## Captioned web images

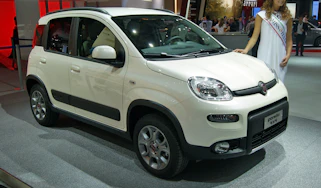Fiat Panda 4x4 front tracking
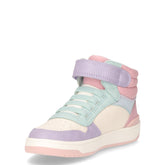 Washiba sneaker in tessuto ed ecopelle bambina rosa bianco | Boscaini Scarpe
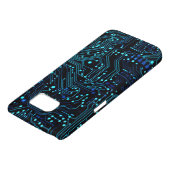 Circuit Board ontwerp illustratie Kussen Case-Mate Samsung Galaxy Hoesje (Onderkant)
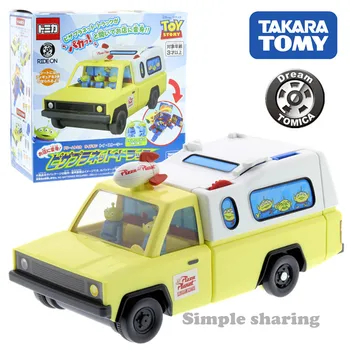 

Takara Tomy Dream Tomica Ride On Toy Story 4 Pizza Planet Truck Figure Toys For Children Cars Disney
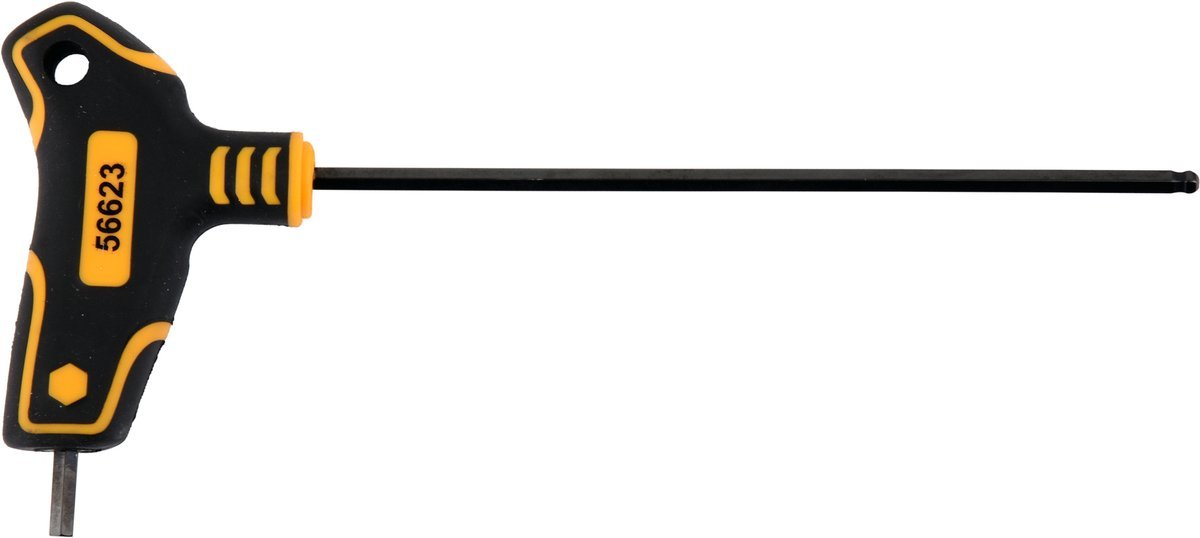 KLUCZ TRZPIENIOWY HEX(KULKA) Z RĘKOJEŚCIĄ 4.0MM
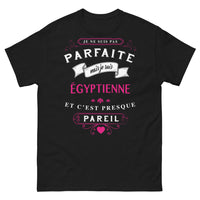 Thumbnail for T-shirt Égypte noir - je ne suis pas parfaite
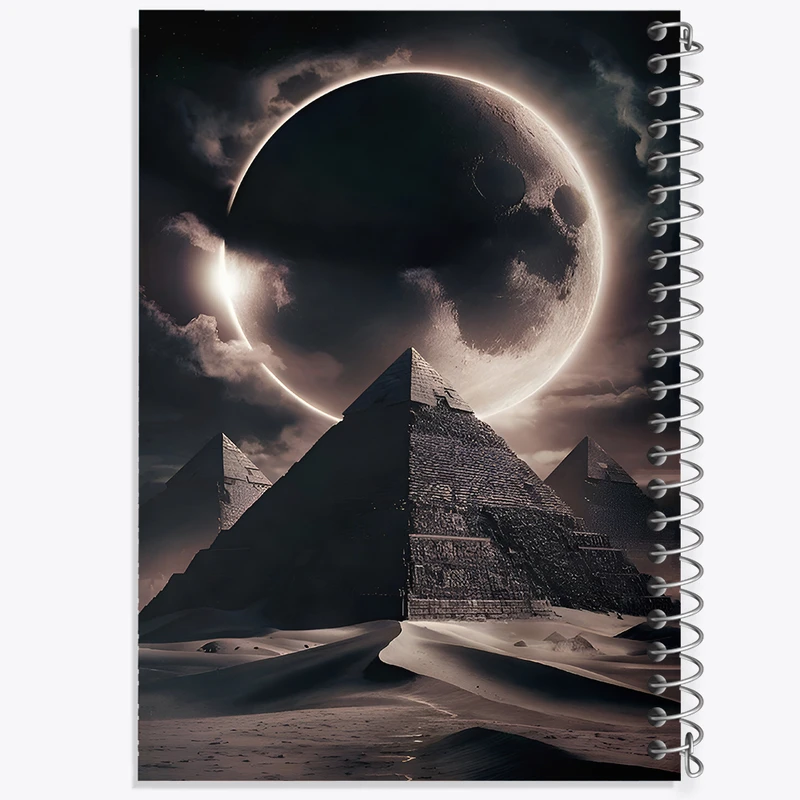 دفتر مشق 50 برگ خندالو طرح مصر و ماه کد F6960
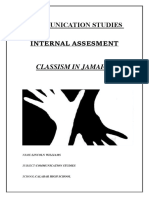 Communication Studies Internal Assesment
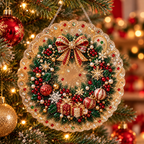 Diamond-Art Weihnachtsornament-Bastelset mit Strass und Perlen -    Zorenza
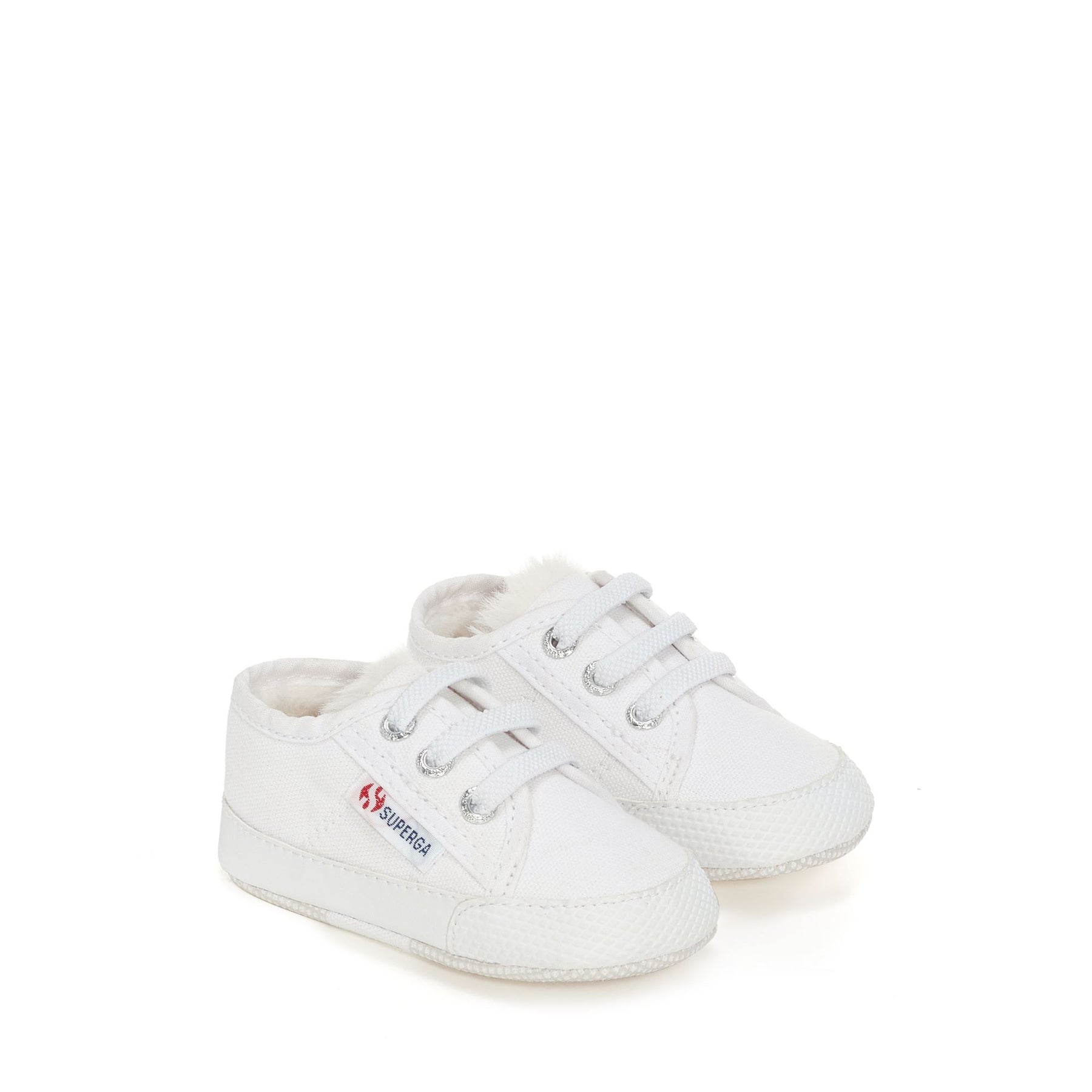 Superga 4006 BABY ECOFURWHITE Convenienza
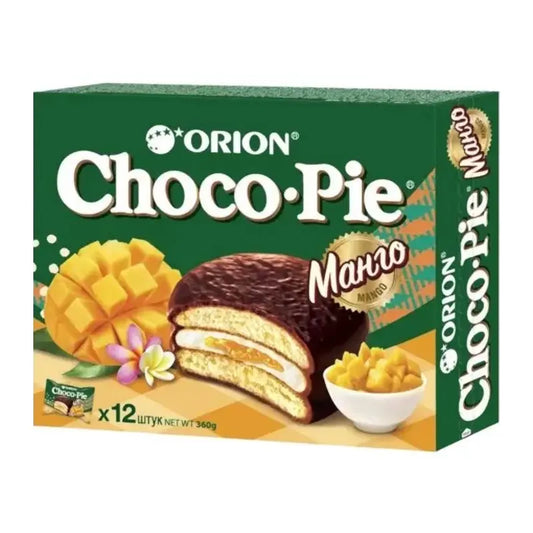 ORION Chocopie Mango Flavour/ ORION Chocopie mango garša Oishii Asian Mart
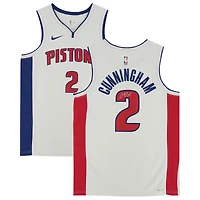 Maillot Swingman Nike Association Edition autographié par Cade Cunningham des Detroit Pistons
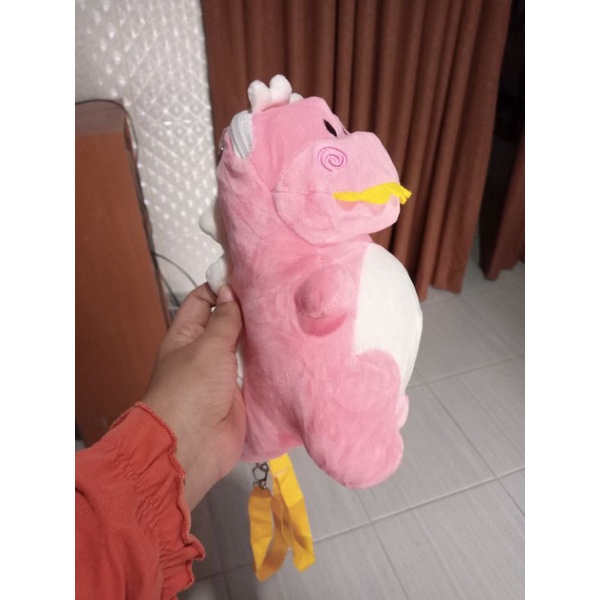 Tas Dino Tas Selempang Anak Wanita Boneka Dinosaurus Import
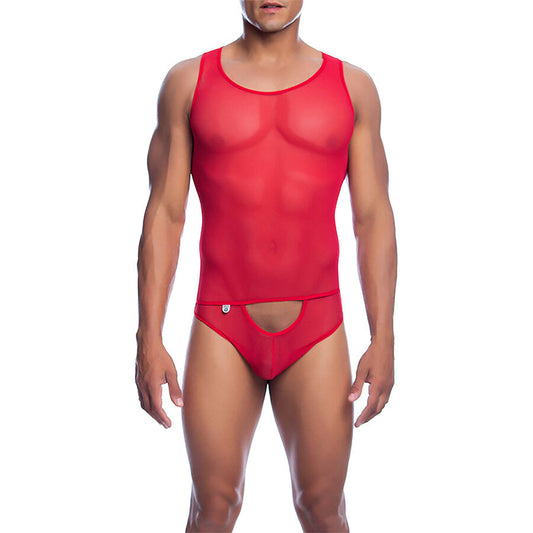 MOB - BODYSHEER TRANSPARTE ROJO TALLA S/M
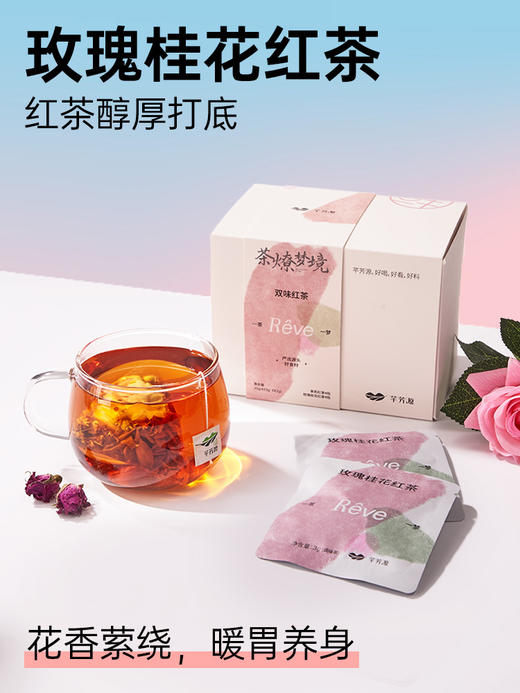 芊芳源玫瑰桂花茉莉花双味红茶冷泡茶包独立小包装袋夏季冷萃果茶 商品图2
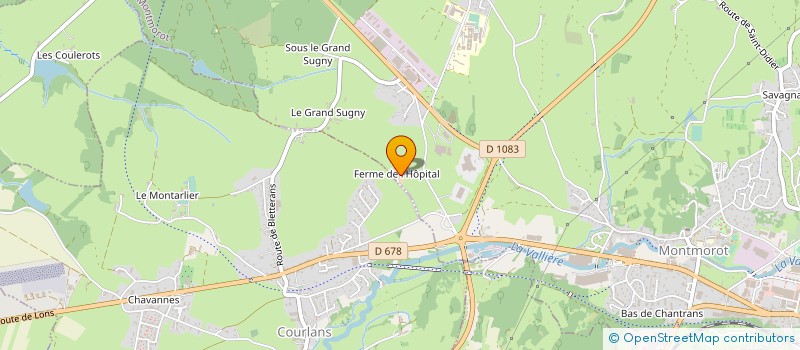 localisation de l'entreprise LE MAUSA - LES FORGES DE BAUDIN à CHILLY-LE-VIGNOBLE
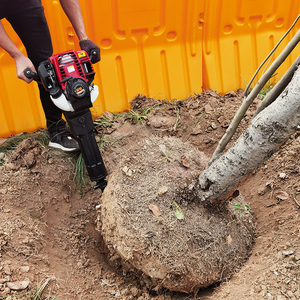 四冲程挖树机起苗土球挖坑机汽油镐大功率移植专用机本田挖树神器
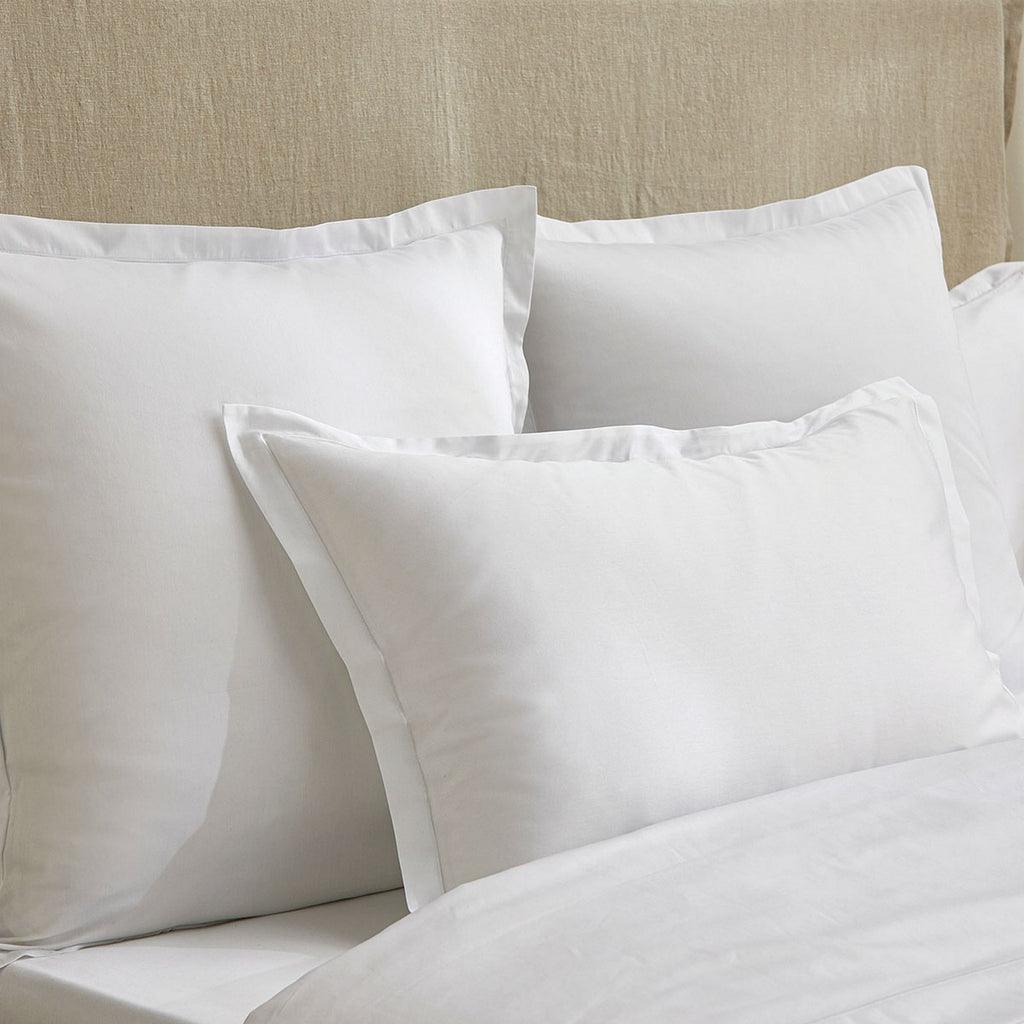 Satin Uni - Funda De Almohada - Blanco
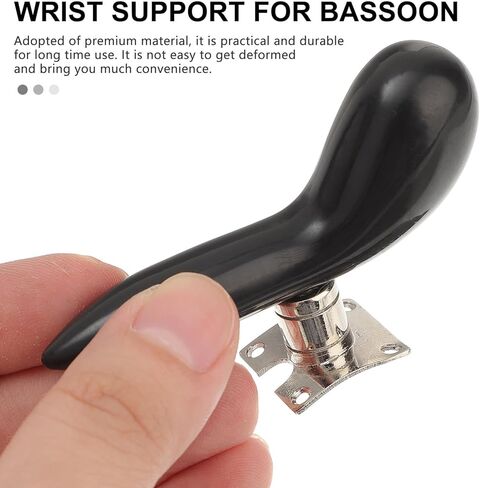 مجموعة وسادات مسند المعصم لليد من سوبفوكس باسون، واقي يد بلاستيكي أسود مريح مع قاعدة لدعم لعب الباسون in Kuwait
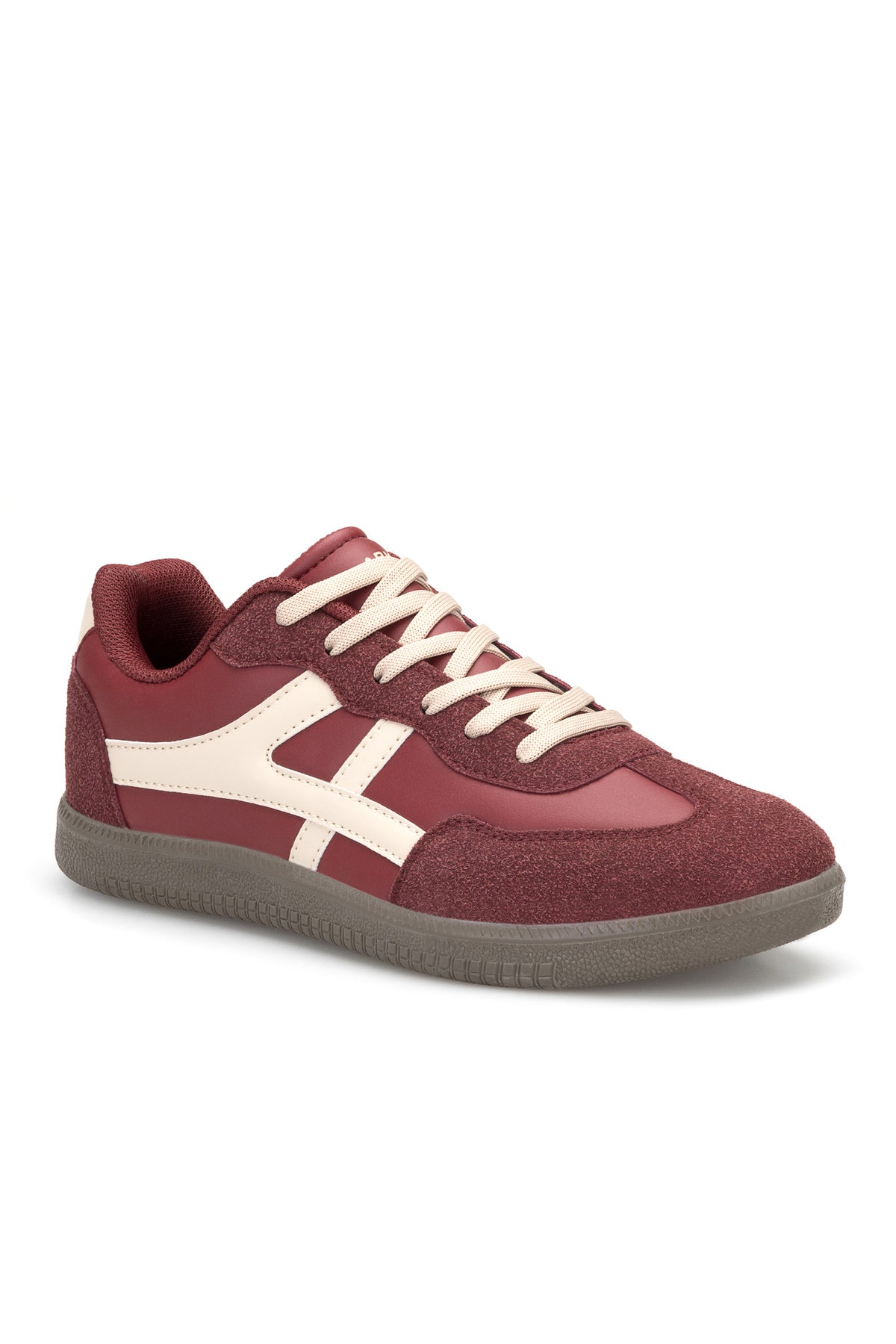 DS Ruby Kadın Sneaker Günlük Spor Ayakkabı - Bordo Bej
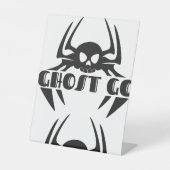 Ghost Go Spooky Jahreszeit Sockelschild (Vorderseite)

## Your objective
Please reproduce the entries above exactly, from their first line to the line holding "Maillot Swingman Nike" inclusive, and nothing else; the pictures stay out.

## Solution
Fiat Panda 4x4 front tracking
 Washiba sneaker in tessuto ed ecopelle bambina rosa bianco | Boscaini Scarpe
 Circuit Board ontwerp illustratie Kussen Case-Mate Samsung Galaxy Hoesje (Onderkant)

Takara Tomy Dream Tomica Ride On Toy Story 4 Pizza Planet Truck Figure Toys For Children Cars Disney
 KLUCZ TRZPIENIOWY HEX(KULKA) Z RĘKOJEŚCIĄ 4.0MM
 Thumbnail for T-shirt Égypte noir - je ne suis pas parfaite
 دفتر مشق 50 برگ خندالو طرح مصر و ماه کد F6960
 Communication Studies Internal Assesment
 Diamond-Art Weihnachtsornament-Bastelset mit Strass und Perlen -    Zorenza
 Superga 4006 BABY ECOFURWHITE Convenienza
 ORION Chocopie Mango Flavour/ ORION Chocopie mango garša Oishii Asian Mart
 Maillot Swingman Nike Association Edition autographié par Cade Cunningham des Detroit Pistons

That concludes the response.